Romney was by no means at his strongest. Though he succeeded in his primary goal -- setting Santorum off-balance -- none of his answers were particularly memorable or inspiring. At the end, when the final question to all the candidates was to correct a misconception, Romney launched into rote sloganeering -- "We've got to restore America's promise" -- and then, when moderator John King noted he wasn't answering the question, snapped back, "You get to answer the questions you want. I get to give the answers I want." Rick Perry (who was in the audience Wednesday night, looking relieved) once used the same comeback, but when he did it, it smacked of Texas swagger. Coming from Romney, it reeked of too-good-for-this-stage entitlement.

But overall, the debate has to be scored a major win for Romney and a major missed opportunity for Santorum. (Ron Paul, for his part, provided crucial aid to Romney, calling Santorum "a fake" and pointing out that his excuse-making was exactly why Americans dislike Congress.) In previous debates, Santorum has successfully pressed the case against Romney's Massachusetts health-care reform as a precursor to the dreaded Obamacare. This time, he barely got down that road before Romney turned him around by arguing that if he hadn't supported Specter, Obama wouldn't have had the votes for his bill in the Senate. "Don't look at me. Take a look in the mirror," he said. As juvenile as this I'm-rubber-you're-glue tactic was, it worked spectacularly well, drawing Santorum into his laborious defense of why supporting Specter -- at the time a Republican, and Santorum's partner in the Pennsylvania Senate delegation, facing a more conservative GOP primary opponent -- was "the right thing for our country."

Santorum also allowed Romney to outflank him to a degree on the dreaded contraception issue. Before King could ask a question about it, Romney was touting his work with Catholic authorities in Massachusetts to "protect their right to exercise their religious conscience." Santorum was clearly expecting a lot of culture-war questions -- a fair bet, considering how those issues have been in the news the past few weeks -- and gave his most impassioned answer of the night to the contraception question when it came up: "The left gets all upset, 'Oh, look at him talking about these things.' You know, here's the difference between me and the left, and they don't get this -- just because I'm talking about it doesn't mean I want a government program to fix it." But King, facing rumblings of disapproval from the audience and perhaps fearing a repeat of his drubbing from Newt Gingrich when he asked an unpopular question in South Carolina, quickly backed off this line of inquiry, depriving Santorum of more opportunities to play the brave spokesman for values voters everywhere.

Gingrich also got off his strongest answer of the night on the birth-control issue: "If we're going to have a debate about who the extremist is on these issues, it is President Obama who, as a state senator, voted to protect doctors who killed babies who survived the abortion.
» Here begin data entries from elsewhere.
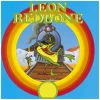 On The Track [CD]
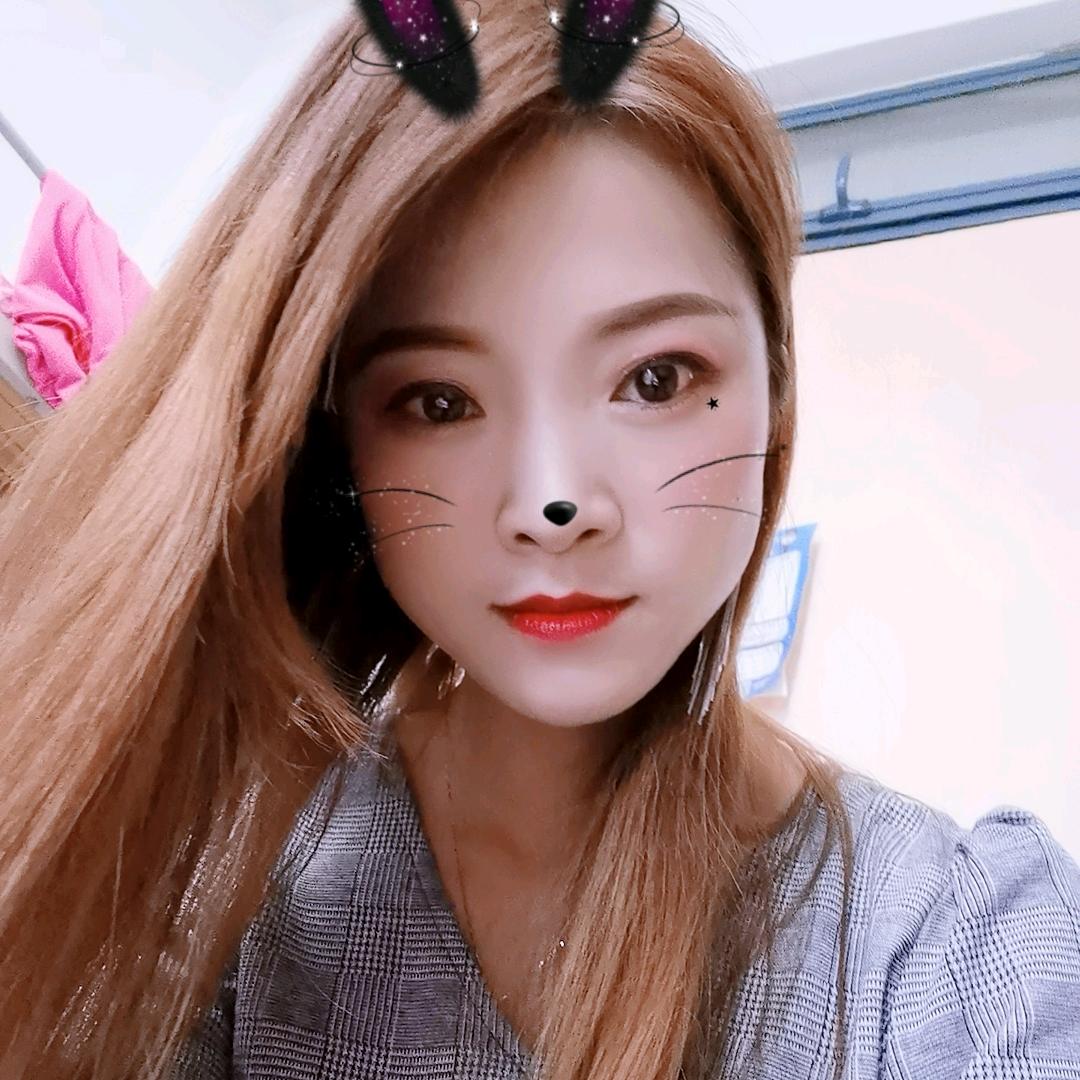 做好自己让别人说去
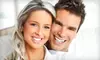 Niveous or Zoom! In-Office Teeth Whitening at Ocoee Dental Care P.A.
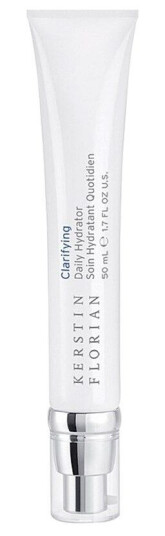 Kerstin Florian Essential Skincare Clarifying Daily Hydrator 50 ml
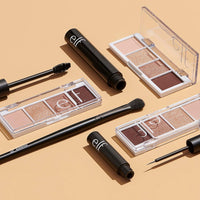 BE BEAUTY COSTA RICA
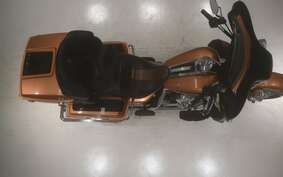 HARLEY FLHTCU 1580 2007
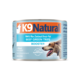 K9 Natural Beef Green Tripe Booster Wet Dog Food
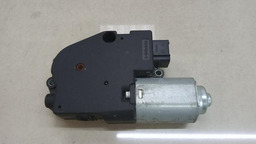 MOTOR TETO SOLAR CITROËN DS5 2015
It is not Republicans." Never mind that Gingrich's claim that the "elite media" failed to ask Obama about this during the 2008 campaign was erroneous; it was the sort of rallying-the-troops moment that Gingrich does best. But by the standards of his most crowd-pleasing performances, this was too little, too late to light a fire under Gingrich's flagging candidacy.

For his closing statement, Santorum made what should have been his best argument: that he is better qualified to beat Obama than Romney because, if he becomes the nominee, he will have already succeeded once in toppling a better-funded, better-organized opponent with a grassroots, activist-driven campaign. But it came out halting and garbled. He didn't mention Romney by name, and his logic was difficult to follow.

Santorum seemed rattled -- too rattled to make his case. And that, for Romney, may have been the biggest victory of the night.